(Collected data entries)
※

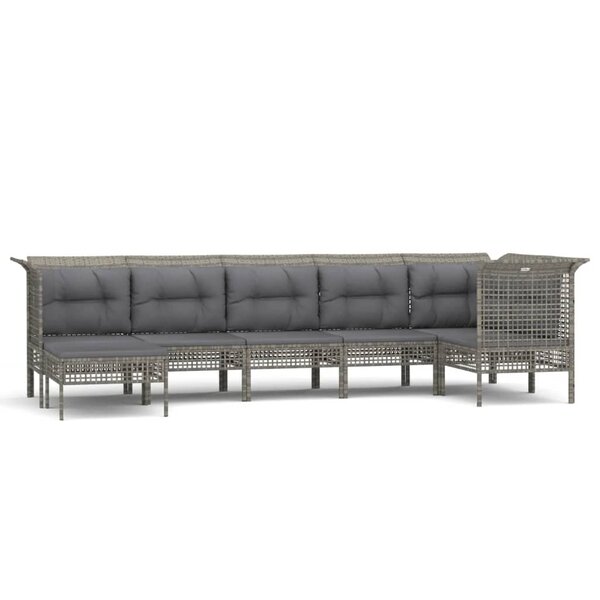 vidaXL Salon de jardin 7 Pièces avec coussins Gris Résine tressée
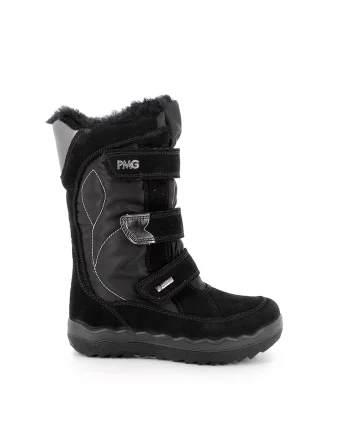Cizme mid-calf cu velcro si garnituri de piele intoarsa, Negru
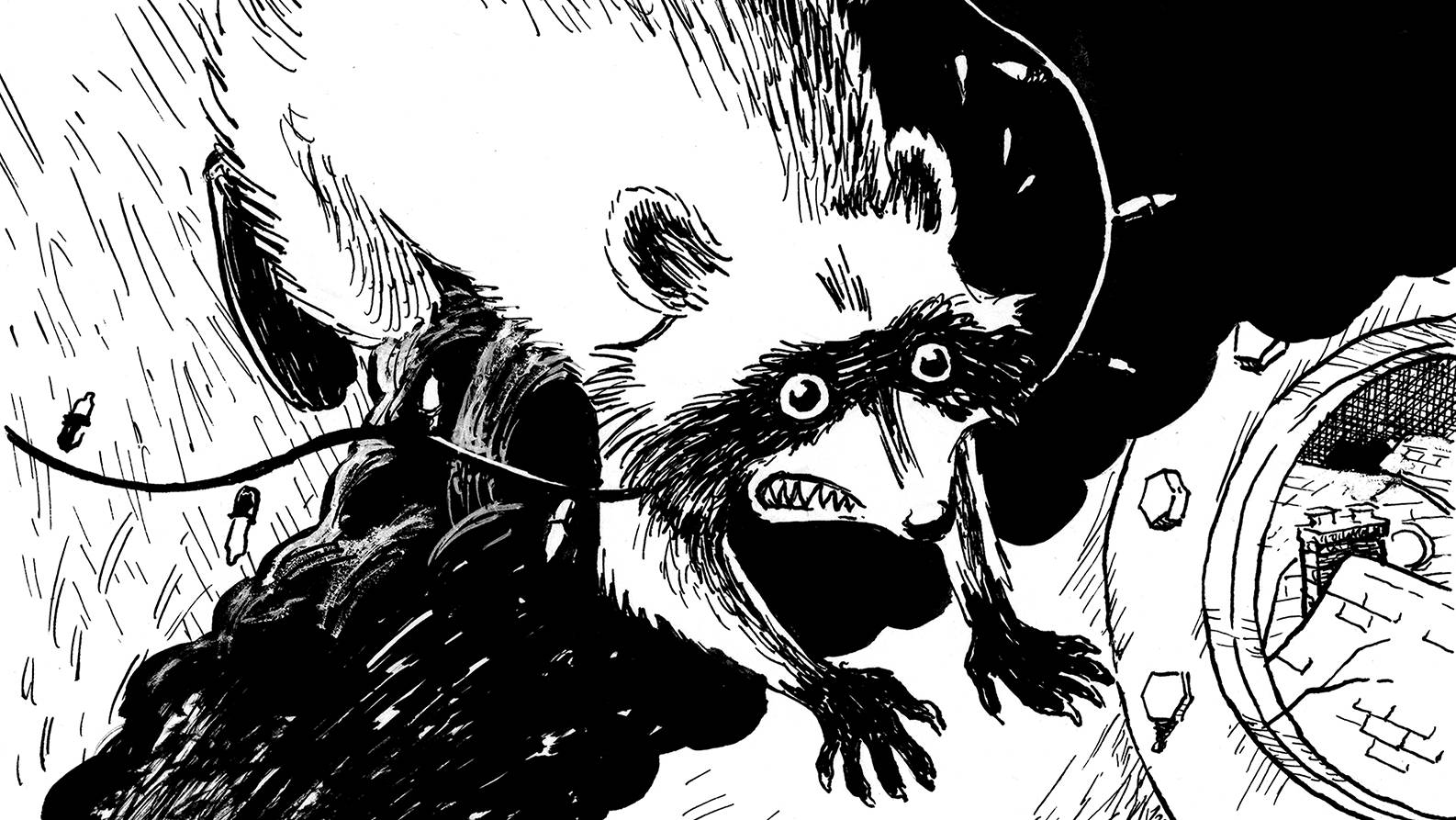 Panicking raccoon running in front of sparks and black smoke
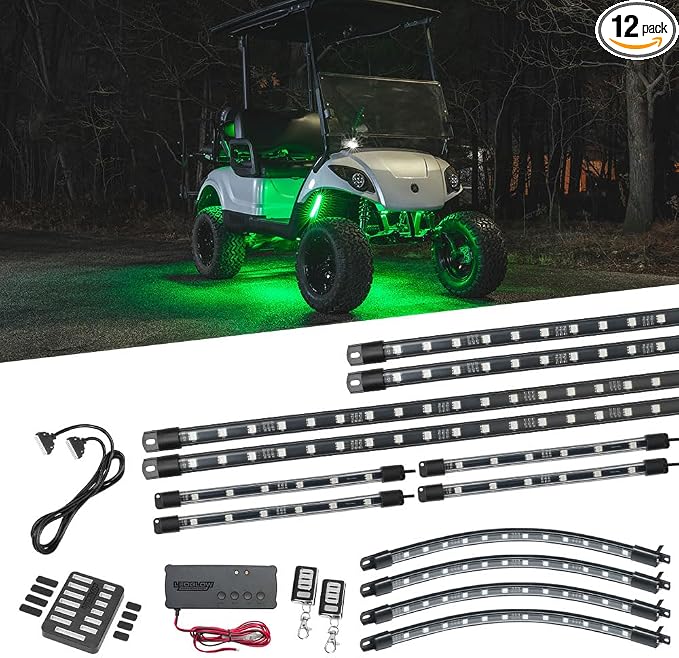 LEDGlow 12pc Million Color LED Golf Cart Underglow Kit 12V-72V 4-Seater | Includes Wheel Well & Interior Footwell Tubes, Accent Neon Lights Fit Electric EZGO Yamaha Club Car ICON, 10 Colors, 16 Modes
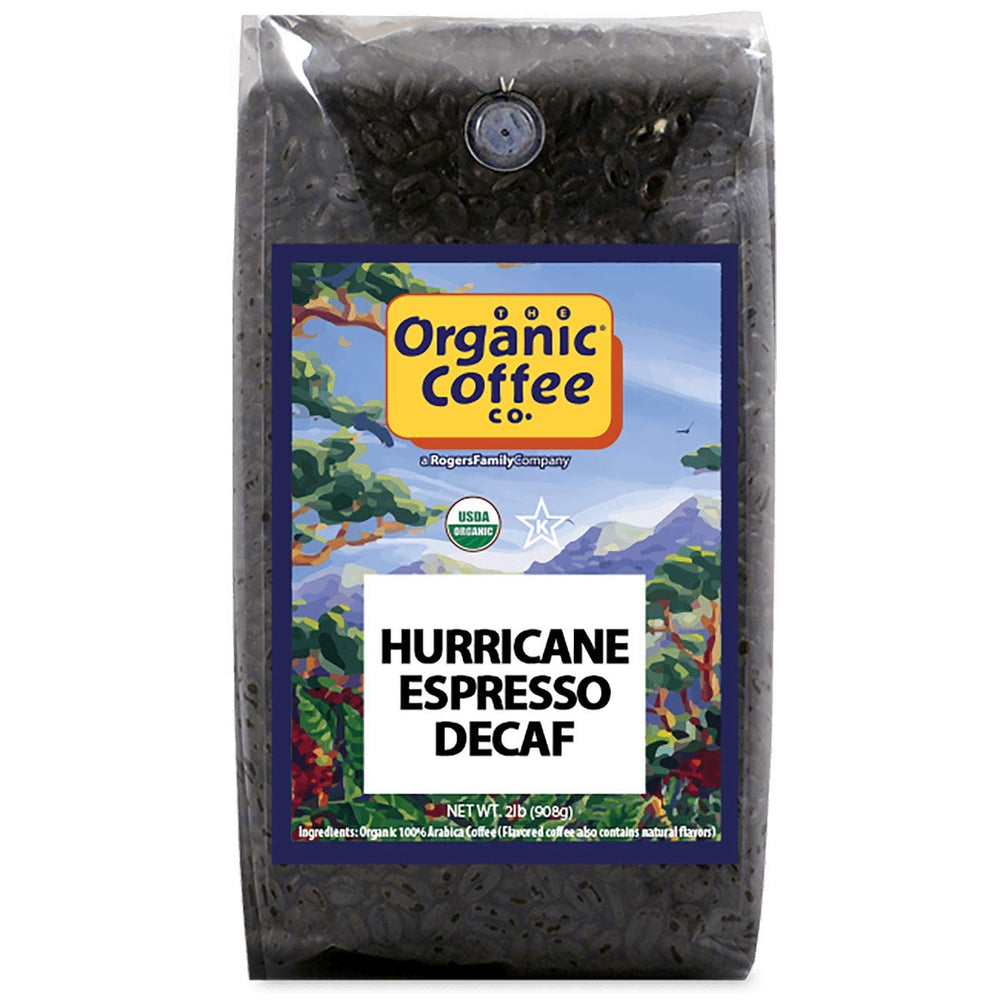 The Organic Coffee Co. DECAF front packaging showing 2 lb bag and roast label for shelf appeal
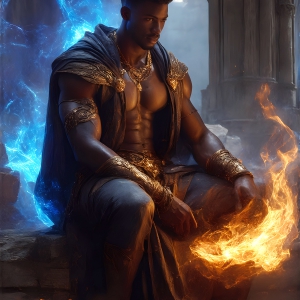 AI-generated abstract art featuring beautiful, handsome, sexy, shirtless, men, boys, lads. Fantasy, elemental mages typically have the ability to manipulate the basic elements, such as fire, water, earth, and air. This can extend to controlling sub-elements like ice, lightning, and sometimes even metal or wood.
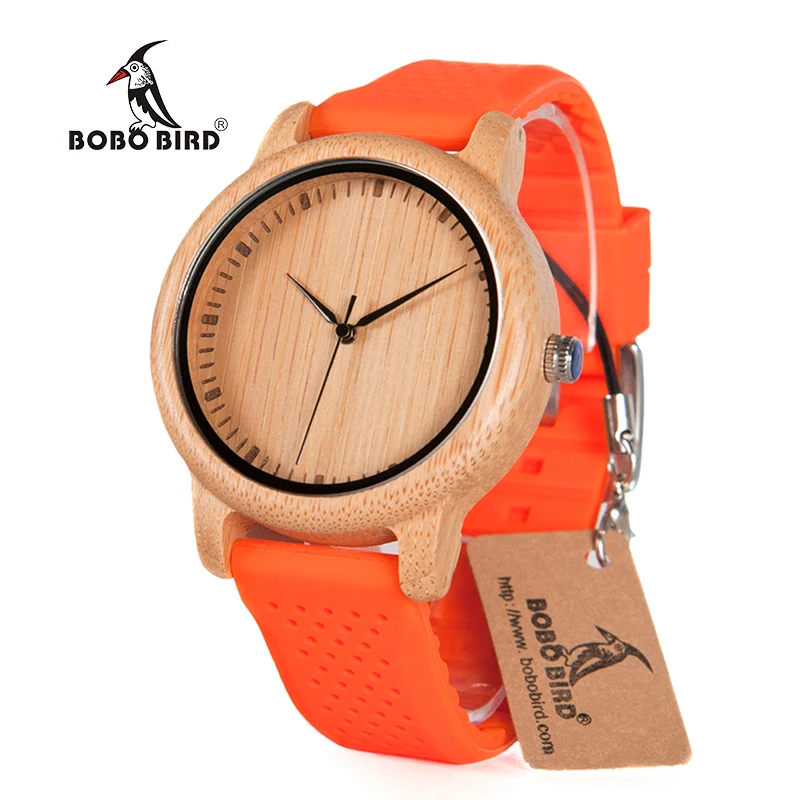 Zegarek damski drewniany na pasku Bobo Bird Color Silikon Orange B05 6 Zegarek drewniany Bobo Bird Color Silikon Orange B05 5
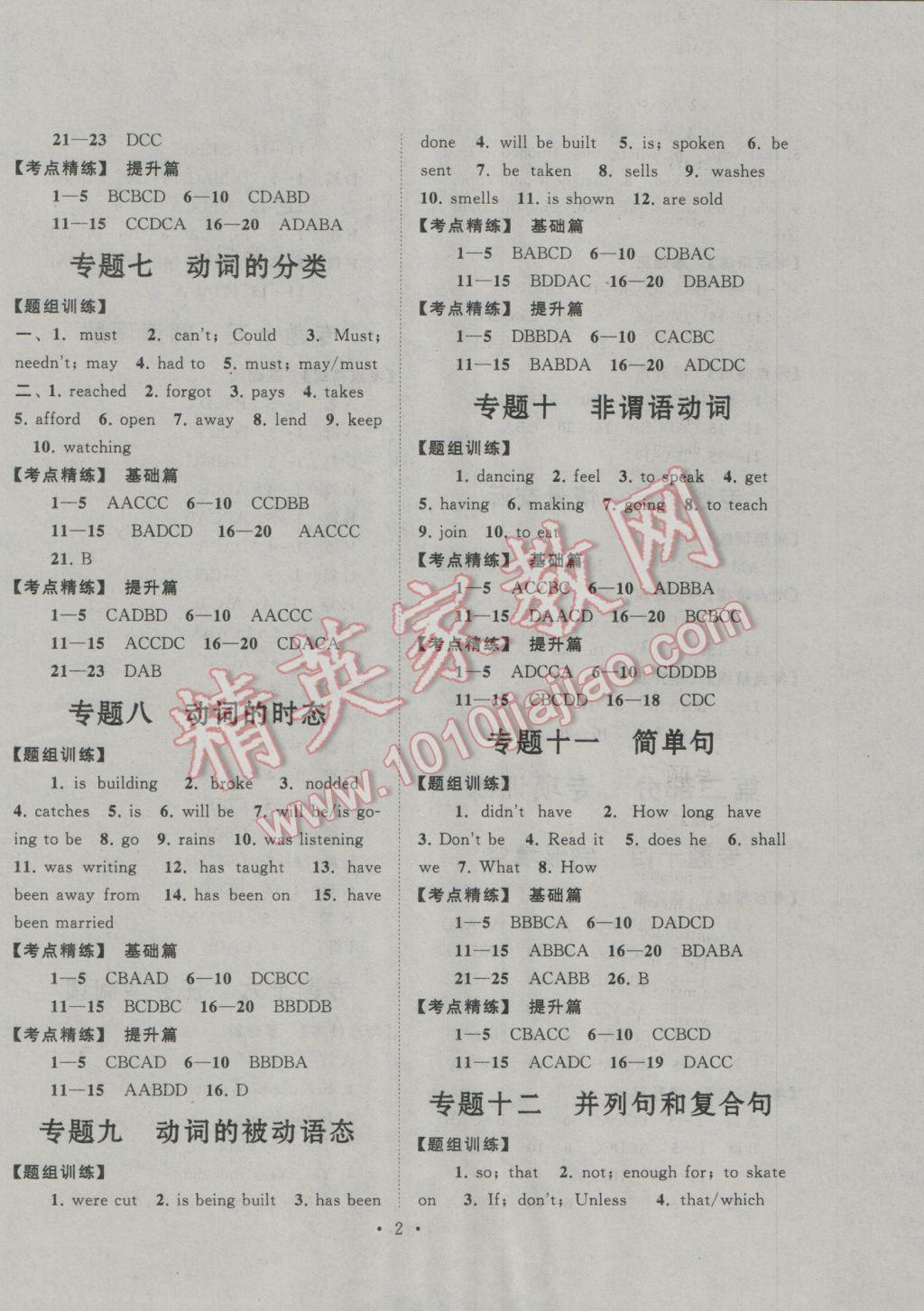 2017年中考提分攻略英語 參考答案第2頁
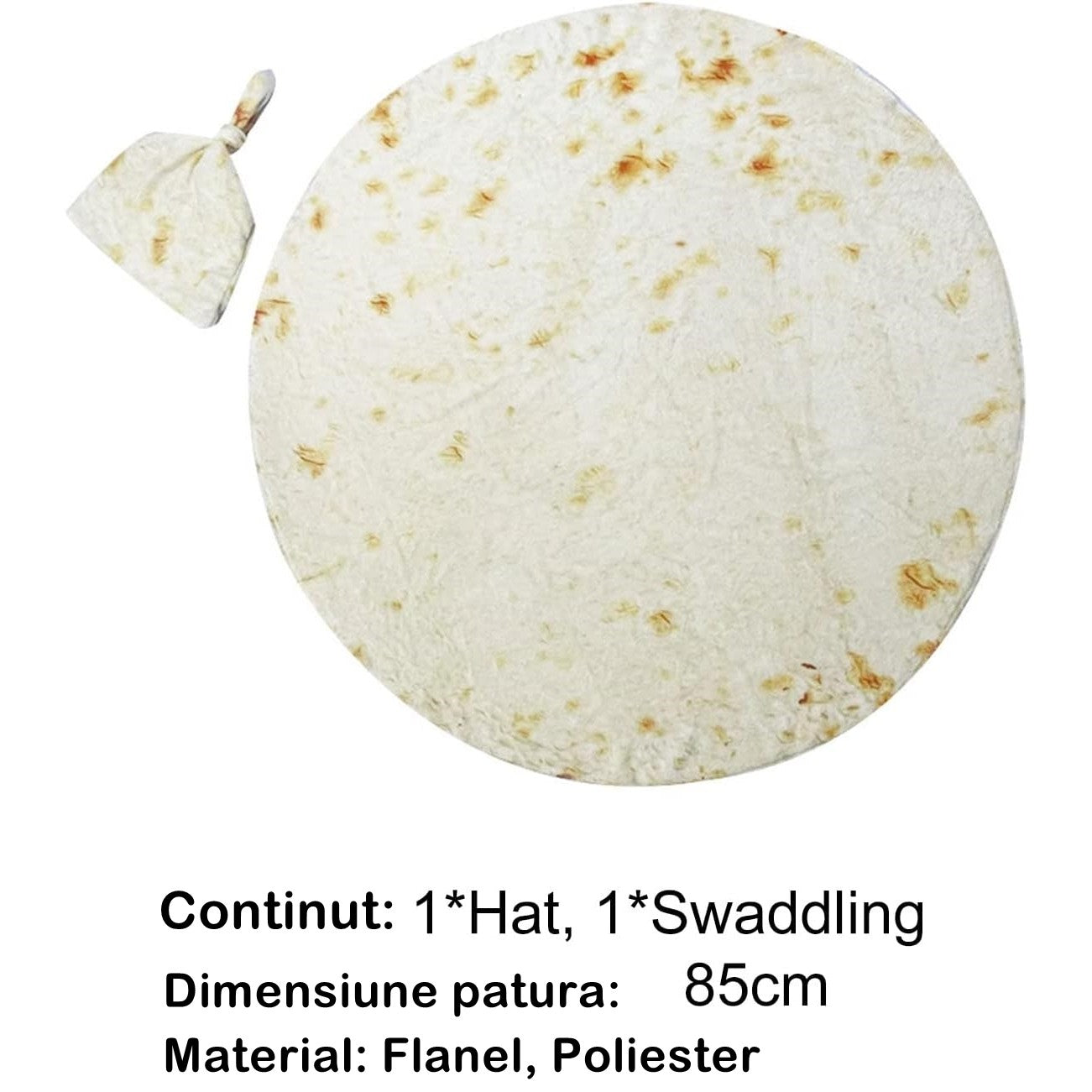 Set Pătură Flanel și Căciulă Flippy Frunză de Salată, Verde - Crem (2) [ps:9e5cdcf8-3546-4998-9c3d-983753ecf1ca]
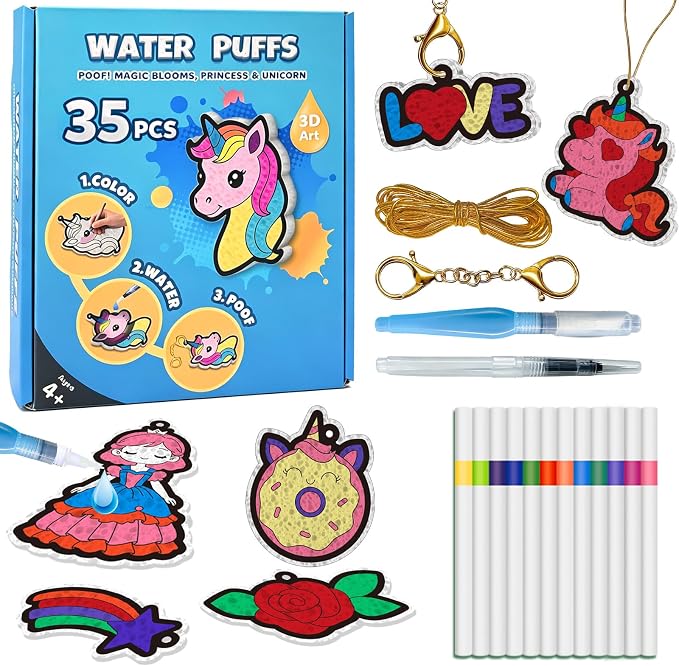 SOOVSY Magic Puffs 3D Art Kit for Kids, Water Activated Puffy Art Craft Kit with Princess Unicorn Designs, DIY Color & Inflate Activity, Screen-Free Travel & Rainy Day Toy for Girls Boys Ages 4-8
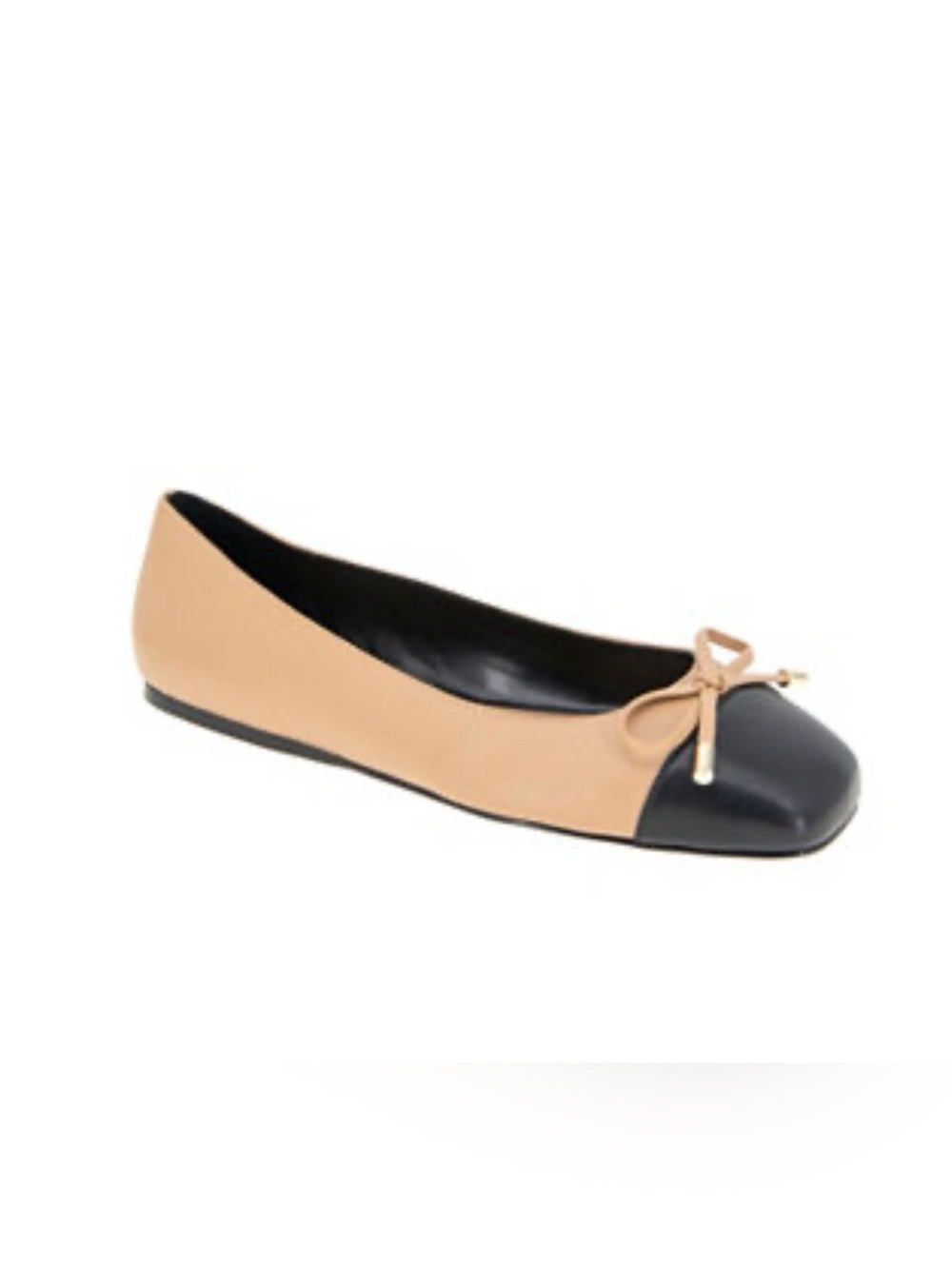 BCBGeneration Two-Tone Ballet Flat in Black & Nude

※

Could you repeat every entry above exactly, with each picture omitted?

# [Task result]
 vidaXL Salon de jardin 7 Pièces avec coussins Gris Résine tressée
Cizme mid-calf cu velcro si garnituri de piele intoarsa, Negru
 Panicking raccoon running in front of sparks and black smoke
 LEDGlow 12pc Million Color LED Golf Cart Underglow Kit 12V-72V 4-Seater | Includes Wheel Well & Interior Footwell Tubes, Accent Neon Lights Fit Electric EZGO Yamaha Club Car ICON, 10 Colors, 16 Modes
 The Organic Coffee Co. DECAF front packaging showing 2 lb bag and roast label for shelf appeal
 AI-generated abstract art featuring beautiful, handsome, sexy, shirtless, men, boys, lads. Fantasy, elemental mages typically have the ability to manipulate the basic elements, such as fire, water, earth, and air. This can extend to controlling sub-elements like ice, lightning, and sometimes even metal or wood.
 Zegarek damski drewniany na pasku Bobo Bird Color Silikon Orange B05 6 Zegarek drewniany Bobo Bird Color Silikon Orange B05 5
 2017年中考提分攻略英語 參考答案第2頁
 Set Pătură Flanel și Căciulă Flippy Frunză de Salată, Verde - Crem (2) [ps:9e5cdcf8-3546-4998-9c3d-983753ecf1ca]
 SOOVSY Magic Puffs 3D Art Kit for Kids, Water Activated Puffy Art Craft Kit with Princess Unicorn Designs, DIY Color & Inflate Activity, Screen-Free Travel & Rainy Day Toy for Girls Boys Ages 4-8
 BCBGeneration Two-Tone Ballet Flat in Black & Nude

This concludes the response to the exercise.